9. The Appellant pleaded not guilty on all six counts and a full trial was conducted. The prosecution case was founded on the evidence of six (6) witnesses. The defence evidence comprised the sworn testimony of the Appellant and the expert testimony of his single defence witness.
10. At the conclusion of the trial, the Appellant was found guilty and convicted of the offences in the 1st, 3rd, 4th and 6th counts and was ultimately sentenced to serve two years imprisonment on each of the four counts, which sentences the trial court ordered would run concurrently. The trial Court acquitted the Appellant on the 2nd and 5th counts.

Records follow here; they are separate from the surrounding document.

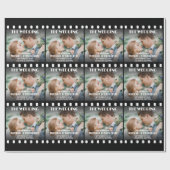 映画ポスターフィルムストリップ黒と白結婚の ラッピングペーパー (フラット)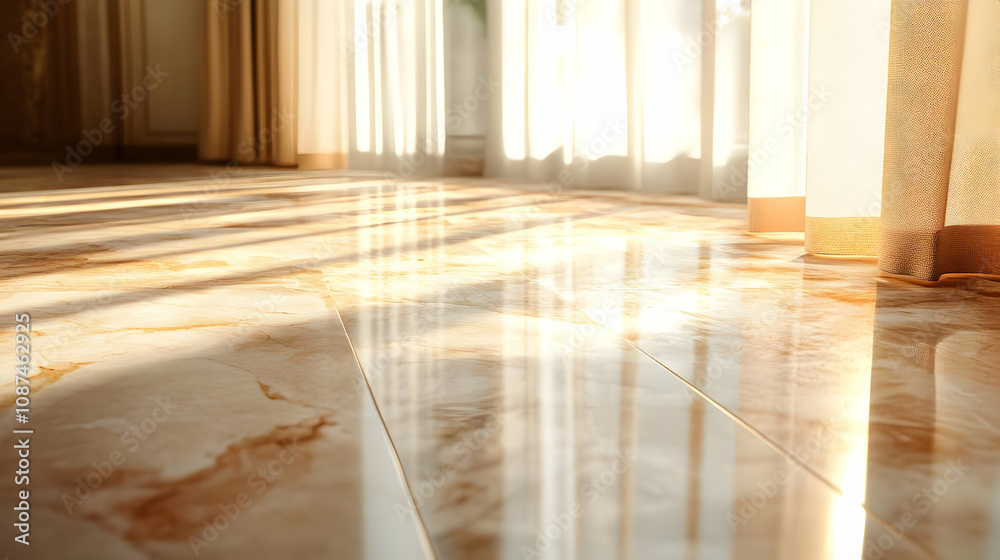 Elegant marble flooring reflecting sunlight, enhancing the warmth and beauty of interior design. Elegant marble flooring reflecting sunlight, enhancing the warmth and beauty of interior design.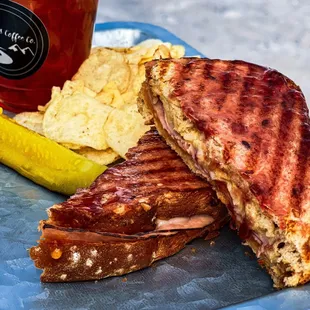 Sandwich special of the day - Monte Cristo served with chips and a pickle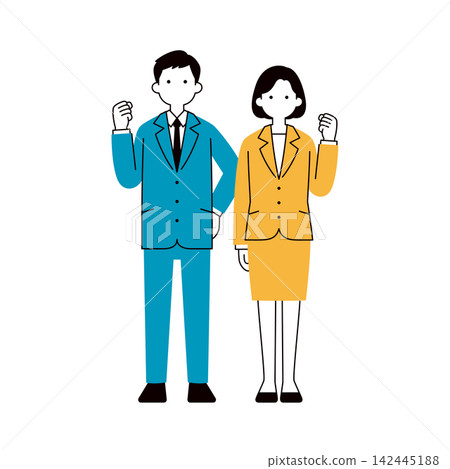 A set of simple full-body vector illustrations of a businessman and businesswoman making a victory pose. 142445188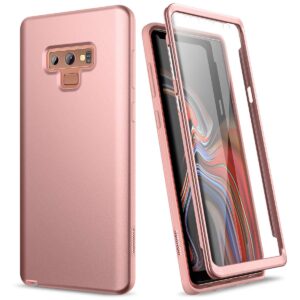 suritch case for samsung galaxy note 9,【built in screen protector】【support wireless charging】 soft tpu back cover+pc bumper full body protective case shockproof for note 9 case 6.4"(rose gold)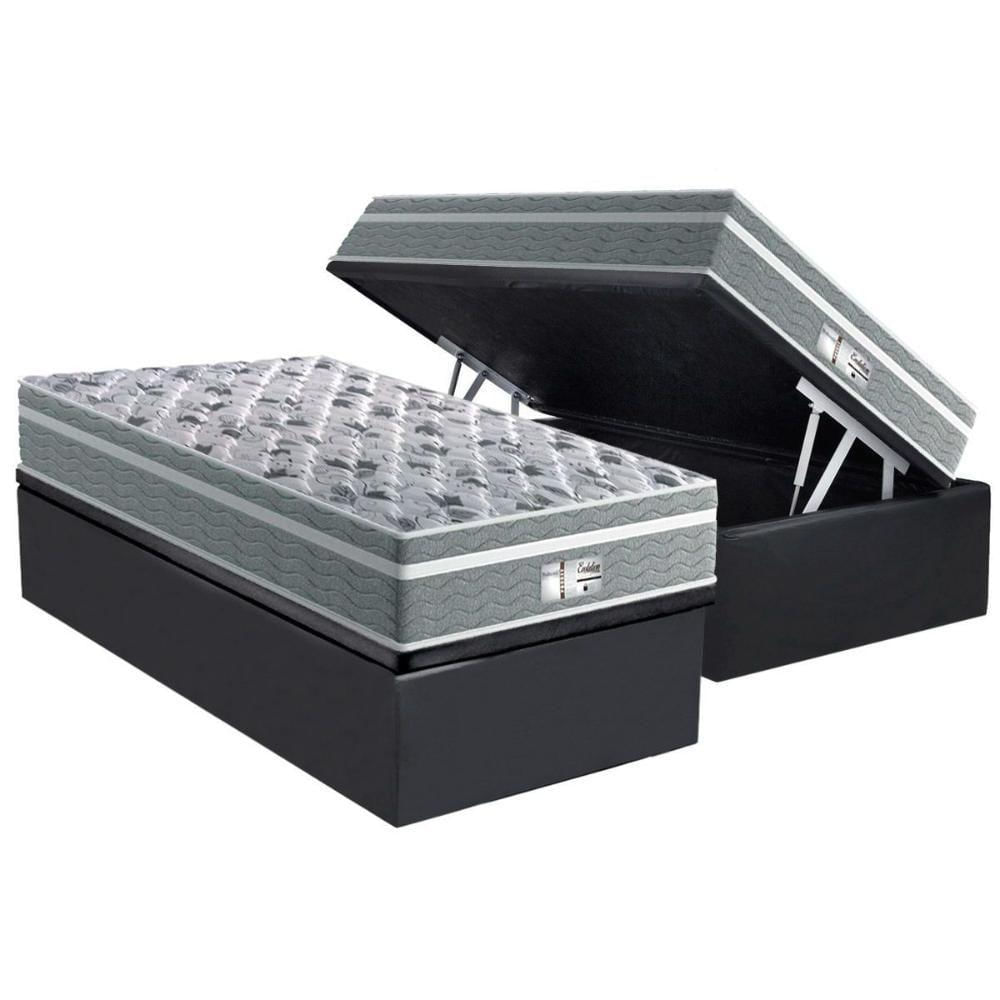 Conjunto Box Baú Solteiro Colchão Molas Probel Ensacadas Evolution Gray + Base Crc Suede Gray (88x188)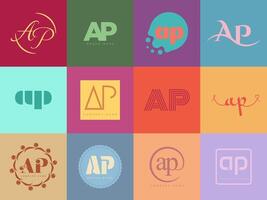 AP logo company template. Letter a and p logotype. Set different classic serif lettering and modern bold text with design elements. Initial font typography. vector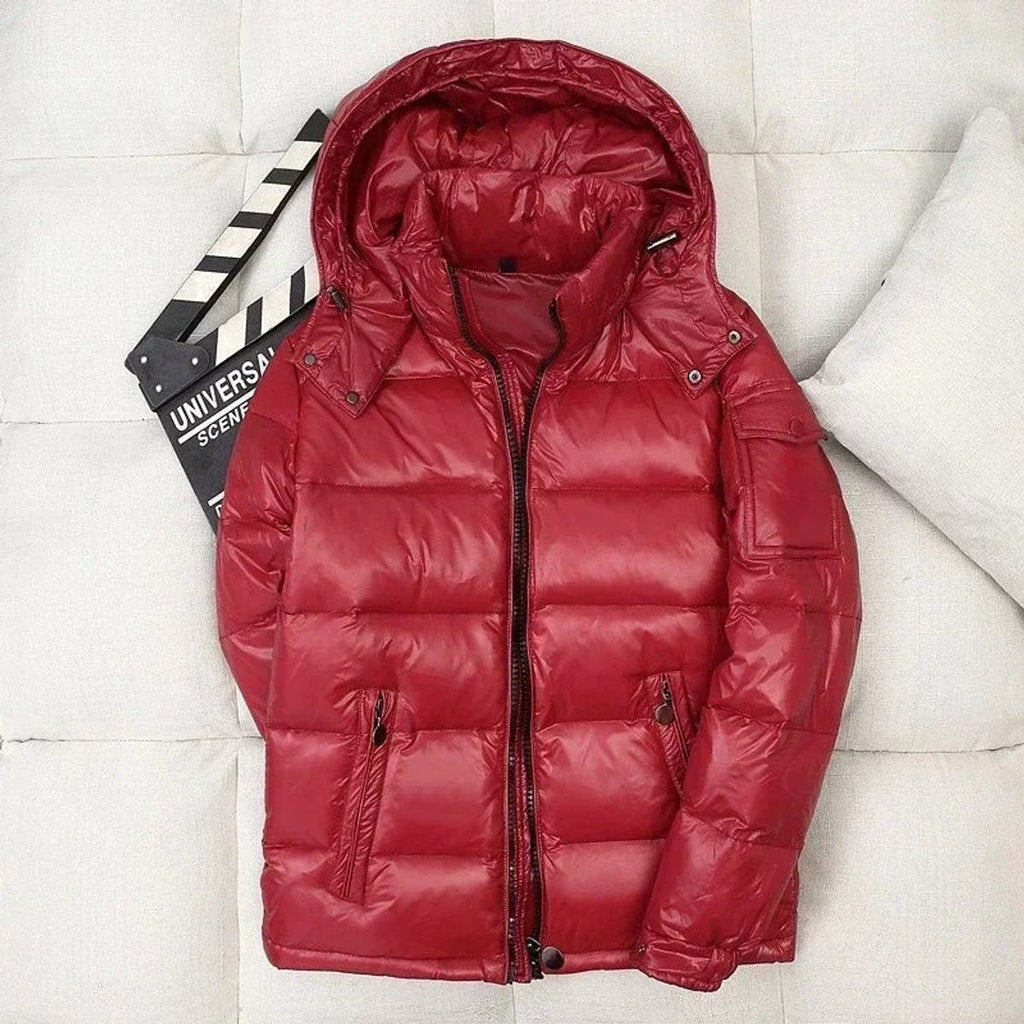 Men's Puffer Jacket with Hood and Front Zip Pockets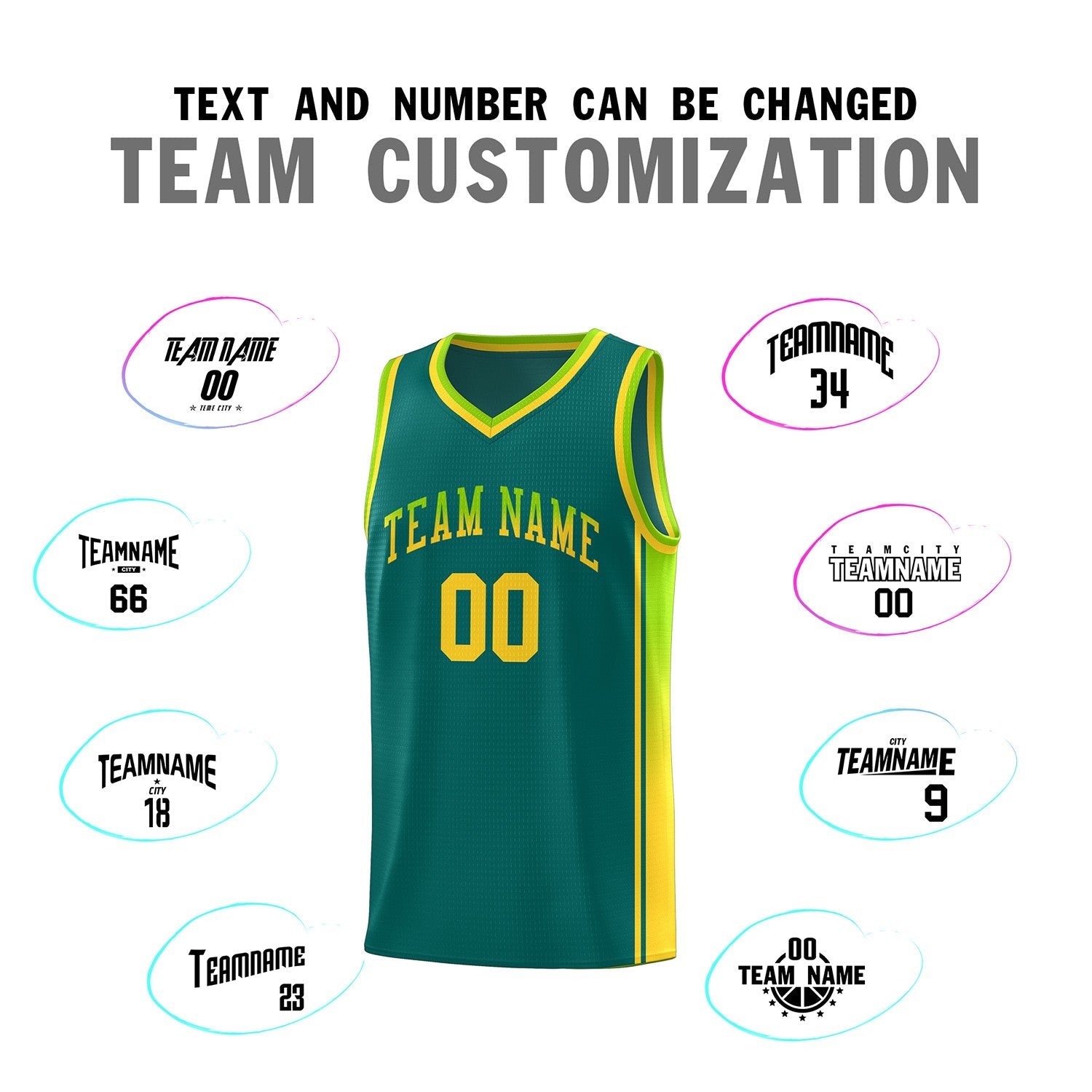 Custom Aqua Neon Green-Gold Gradient Fashion Sports Uniform Basketball Jersey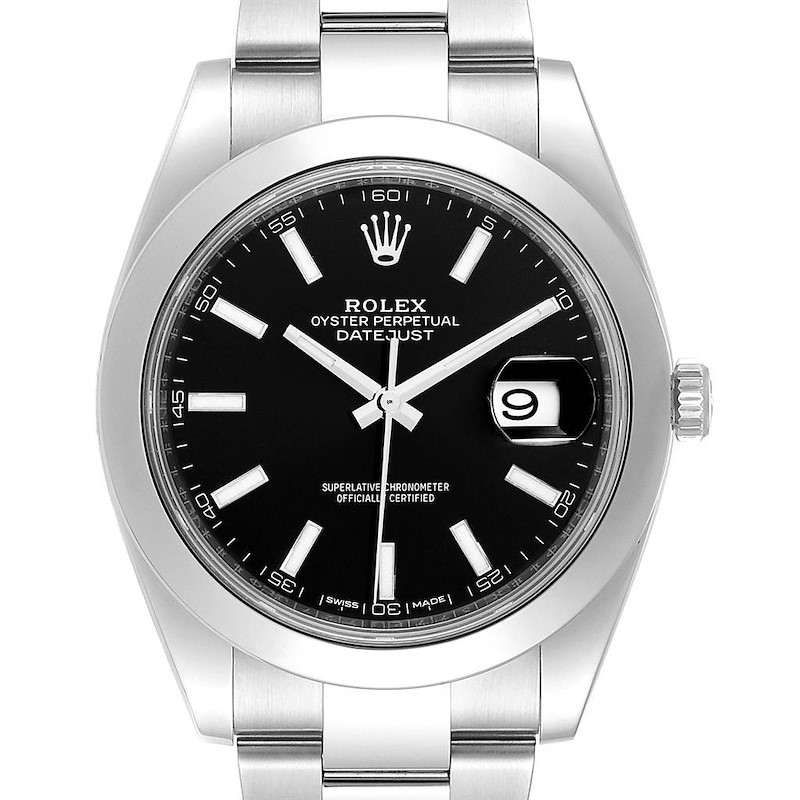 Rolex Datejust 41 Black Dial Steel Mens Watch 126300 Box Card SwissWatchExpo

11. The nine cited grounds of appeal presented by the Appellant vide the Petition of Appeal dated 13th February 2025 upon which he seeks to upset the conviction and sentence are as follows:a.That the learned trial Magistrate erred in law to convict the Appellant when there was no evidence of specimen writing of the Complainant and the Appellant supplied to the Examiner for examination against the questioned writings.b.The learned trial Magistrate erred in both law and fact, in relying on the Document Examiner’s Report to convict the Appellant when in the said report, the Examiner erroneously compared signatures supplied in the exhibit memo against underwritings (sic) contained in the questioned documents.c.That the learned trial Magistrate erred in both law and fact, in relying on the Document Examiner’s Report to convict the Appellant when the examiner outrightly went beyond his mandate by concluding that the questioned writings were forged as compared to the signatures supplied for examination.d.That the learned trial Magistrate erred in law and in fact, in finding and holding that the Appellant presented to the land registry the said documents without evidence.e.That the learned trial magistrate erred in law and in fact, that the documents were presented to the Land Registry and intended to be taken as genuine when the Appellant had sufficiently demonstrated that the Complainant and PW5 had admitted having signed the documents in favour of the Appellant.f.That the learned trial Magistrate erred in law and fact by convicting the Appellant when there was no complaint filed by one James Michael McTough.g.That in convicting the Appellant, the learned trial Magistrate failed to consider the Appellant’s defence in his Judgement, thus arriving at a on- sided decision which has caused an injustice to the Appellant.h.That the learned trial Magistrate erred in advancing theories and speculations to fill glaring loopholes in the prosecution case.i.That the Learned Trial Magistrate’s decision was speculative, skewed, slanted and unfair.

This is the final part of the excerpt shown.